Я понял, что у меня остались следы пещерной карбидной копоти, и попытался рукавом вытереть лицо.
Закуренов жил в десяти минутах ходьбы от меня, в доме во дворе Института Склифосовского, который скорее можно назвать огромным пустырем. Через него проходила дорога между корпусами и моргом. Жизнь на этом пустыре никогда не затихала. Склифосовские ребята обычно гоняли там в футбол, и только когда появлялись угрюмые санитары, катившие накрытые простынями тележки из корпусов в морг, игра прерывалась, мат затихал, и возбужденные игроки молчаливыми взглядами провожали скорбные колесницы, терпеливо ожидая конца процессии. По вечерам все собирались в подворотне у Грохольского переулка. Эта подворотня находилась недалеко от морга, другая же, парадная, выходила на Садовое кольцо и была ближе к большим корпусам.

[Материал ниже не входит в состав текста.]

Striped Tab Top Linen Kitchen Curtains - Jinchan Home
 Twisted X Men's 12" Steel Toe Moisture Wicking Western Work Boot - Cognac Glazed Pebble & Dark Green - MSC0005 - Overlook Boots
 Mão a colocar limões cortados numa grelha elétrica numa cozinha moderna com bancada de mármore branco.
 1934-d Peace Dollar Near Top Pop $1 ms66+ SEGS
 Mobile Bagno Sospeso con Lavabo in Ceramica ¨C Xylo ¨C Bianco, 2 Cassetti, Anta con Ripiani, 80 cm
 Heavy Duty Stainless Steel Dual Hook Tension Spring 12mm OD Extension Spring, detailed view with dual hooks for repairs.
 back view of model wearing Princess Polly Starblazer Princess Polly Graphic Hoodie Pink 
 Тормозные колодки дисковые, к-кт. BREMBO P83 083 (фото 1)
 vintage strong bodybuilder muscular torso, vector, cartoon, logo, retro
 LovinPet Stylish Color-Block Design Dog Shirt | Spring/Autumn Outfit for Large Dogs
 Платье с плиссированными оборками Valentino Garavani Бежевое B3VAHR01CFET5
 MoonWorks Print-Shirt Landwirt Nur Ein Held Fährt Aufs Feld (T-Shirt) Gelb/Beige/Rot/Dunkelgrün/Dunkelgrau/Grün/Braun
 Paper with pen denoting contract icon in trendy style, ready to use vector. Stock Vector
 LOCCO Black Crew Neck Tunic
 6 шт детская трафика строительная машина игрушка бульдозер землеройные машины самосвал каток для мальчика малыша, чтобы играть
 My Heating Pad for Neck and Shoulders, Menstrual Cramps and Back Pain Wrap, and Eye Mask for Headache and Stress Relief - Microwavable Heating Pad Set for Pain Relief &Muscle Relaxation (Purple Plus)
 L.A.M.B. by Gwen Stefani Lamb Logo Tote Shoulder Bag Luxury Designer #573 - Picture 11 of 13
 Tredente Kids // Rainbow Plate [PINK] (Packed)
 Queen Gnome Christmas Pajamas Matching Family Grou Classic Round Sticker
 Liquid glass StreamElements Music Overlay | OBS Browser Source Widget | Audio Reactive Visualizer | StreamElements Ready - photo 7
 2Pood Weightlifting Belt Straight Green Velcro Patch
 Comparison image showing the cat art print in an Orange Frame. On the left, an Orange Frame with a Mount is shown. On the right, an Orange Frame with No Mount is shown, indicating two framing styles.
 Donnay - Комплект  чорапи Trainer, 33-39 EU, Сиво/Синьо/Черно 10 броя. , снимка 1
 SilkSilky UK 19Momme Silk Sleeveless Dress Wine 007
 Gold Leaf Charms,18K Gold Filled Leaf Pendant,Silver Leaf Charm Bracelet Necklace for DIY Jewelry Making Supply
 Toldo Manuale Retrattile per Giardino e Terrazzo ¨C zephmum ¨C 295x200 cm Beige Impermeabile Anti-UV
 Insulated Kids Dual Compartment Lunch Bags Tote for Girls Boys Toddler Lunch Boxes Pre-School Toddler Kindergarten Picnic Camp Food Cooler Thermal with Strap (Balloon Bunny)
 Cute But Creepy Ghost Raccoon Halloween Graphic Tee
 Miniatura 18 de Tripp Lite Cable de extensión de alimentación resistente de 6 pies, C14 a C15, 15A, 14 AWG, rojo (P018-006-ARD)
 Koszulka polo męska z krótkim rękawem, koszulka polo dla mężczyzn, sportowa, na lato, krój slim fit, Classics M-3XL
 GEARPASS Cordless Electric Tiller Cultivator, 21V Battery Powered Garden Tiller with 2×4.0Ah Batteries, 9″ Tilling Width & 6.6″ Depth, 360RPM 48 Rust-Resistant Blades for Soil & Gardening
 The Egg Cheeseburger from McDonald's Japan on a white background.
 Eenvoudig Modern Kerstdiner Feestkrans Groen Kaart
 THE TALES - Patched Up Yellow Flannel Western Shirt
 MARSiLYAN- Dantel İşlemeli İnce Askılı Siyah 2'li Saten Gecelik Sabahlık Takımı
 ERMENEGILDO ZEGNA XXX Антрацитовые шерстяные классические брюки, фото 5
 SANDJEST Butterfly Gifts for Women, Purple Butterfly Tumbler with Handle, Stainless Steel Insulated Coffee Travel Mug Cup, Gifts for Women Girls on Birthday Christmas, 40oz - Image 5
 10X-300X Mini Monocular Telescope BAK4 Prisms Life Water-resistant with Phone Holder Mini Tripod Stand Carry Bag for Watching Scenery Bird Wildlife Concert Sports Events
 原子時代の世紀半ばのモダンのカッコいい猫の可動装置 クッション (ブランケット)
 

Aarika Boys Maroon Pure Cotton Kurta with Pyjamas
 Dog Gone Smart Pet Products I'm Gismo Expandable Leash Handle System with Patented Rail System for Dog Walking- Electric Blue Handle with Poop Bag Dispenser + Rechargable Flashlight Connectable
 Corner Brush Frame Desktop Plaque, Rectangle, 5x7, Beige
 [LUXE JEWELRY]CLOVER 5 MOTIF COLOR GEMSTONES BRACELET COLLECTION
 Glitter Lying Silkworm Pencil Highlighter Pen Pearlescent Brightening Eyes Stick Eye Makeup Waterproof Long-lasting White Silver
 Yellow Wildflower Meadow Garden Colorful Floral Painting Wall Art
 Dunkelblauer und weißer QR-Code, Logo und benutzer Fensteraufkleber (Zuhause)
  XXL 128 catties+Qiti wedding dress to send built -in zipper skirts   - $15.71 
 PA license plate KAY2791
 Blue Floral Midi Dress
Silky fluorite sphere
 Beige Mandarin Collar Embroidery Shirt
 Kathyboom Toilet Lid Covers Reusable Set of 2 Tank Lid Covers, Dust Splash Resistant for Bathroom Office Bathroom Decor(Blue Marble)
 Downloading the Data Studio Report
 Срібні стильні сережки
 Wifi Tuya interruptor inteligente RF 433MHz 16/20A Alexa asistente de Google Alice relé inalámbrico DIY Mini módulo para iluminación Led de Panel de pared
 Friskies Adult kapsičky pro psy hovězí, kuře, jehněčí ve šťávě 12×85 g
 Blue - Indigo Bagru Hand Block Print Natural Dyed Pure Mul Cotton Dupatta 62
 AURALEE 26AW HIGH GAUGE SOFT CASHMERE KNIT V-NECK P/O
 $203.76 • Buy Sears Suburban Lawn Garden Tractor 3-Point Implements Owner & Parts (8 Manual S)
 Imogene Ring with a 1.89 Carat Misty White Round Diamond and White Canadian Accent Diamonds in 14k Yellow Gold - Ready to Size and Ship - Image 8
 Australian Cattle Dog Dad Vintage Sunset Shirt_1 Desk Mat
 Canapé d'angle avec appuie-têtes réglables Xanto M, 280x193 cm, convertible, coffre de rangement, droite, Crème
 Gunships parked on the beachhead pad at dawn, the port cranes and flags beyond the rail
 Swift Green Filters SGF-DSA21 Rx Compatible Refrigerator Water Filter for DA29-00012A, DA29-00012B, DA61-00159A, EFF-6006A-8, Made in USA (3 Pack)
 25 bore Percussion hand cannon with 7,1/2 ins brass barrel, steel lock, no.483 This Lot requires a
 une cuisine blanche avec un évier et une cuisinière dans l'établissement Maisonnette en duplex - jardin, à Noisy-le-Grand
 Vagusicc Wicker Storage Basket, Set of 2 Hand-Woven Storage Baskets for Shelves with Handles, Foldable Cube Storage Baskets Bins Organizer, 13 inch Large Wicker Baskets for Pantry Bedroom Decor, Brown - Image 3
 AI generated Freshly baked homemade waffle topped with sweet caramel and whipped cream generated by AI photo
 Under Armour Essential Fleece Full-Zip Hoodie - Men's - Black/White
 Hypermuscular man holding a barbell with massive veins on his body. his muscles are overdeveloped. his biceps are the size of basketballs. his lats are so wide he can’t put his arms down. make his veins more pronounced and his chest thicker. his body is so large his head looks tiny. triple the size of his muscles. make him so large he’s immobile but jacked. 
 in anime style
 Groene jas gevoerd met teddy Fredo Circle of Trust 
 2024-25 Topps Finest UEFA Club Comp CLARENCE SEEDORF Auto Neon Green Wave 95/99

Мы с Закуреновым прошли по Мещанской. Ребята из Склифа стояли у подворотни, курили, сплевывая сквозь зубы. Плетнев тихо наигрывал на гитаре «На сопках Маньчжурии», а Щелчок, мастер степа, отбивал чечетку. Он медленно, с грацией Фреда Астера, двигался по заснеженному и усыпанному окурками асфальту.
Проезжая часть переулка была запружена полуторками, которые выстраивались в ожидании своей очереди, чтобы въехать на территорию Склифа. Кузовы до отказа были наполнены мертвыми телами, задавленными во время похорон Сталина. Люди лежали вповалку, как будто усталость свалила их после трудного и долгого похода. Теперь они не стеснялись близости и не обращали внимания на разницу полов. Одна из полуторок тронулась с места рывком, потом так же резко затормозила. У одного из спящих ушанка свалилась в снег.
Щелчок, не останавливаясь в танце, подпрыгнул и, подхватив шапку, надел ее на голову хозяина.
– Чтоб не замерз… – с улыбкой произнес он, потом, сделав еще несколько замысловатых па, присоединился к зрителям, встретившим его аплодисментами.
Все, кроме меня и Закуренова, не сговариваясь, стали расходиться по домам. Мягкий свет окон дома манил уютом и теплом, а двор уже казался темным, холодным и враждебным.
– Зайдешь? – спросил меня Закуренов.
Я кивнул.
В комнатушке было уютно и темно. Свет от фонаря проникал из единственного полуподвального окна, прикрытого тюлем. Как всегда, пахло жареной картошкой и перегаром. На столе, накрытом потертой клеенкой, стоял графин из розового мутного стекла с выдавленными на нем виноградными гроздьями. Графин всегда стоял на столе. Мы с Закуреновым выпили по стакану воды.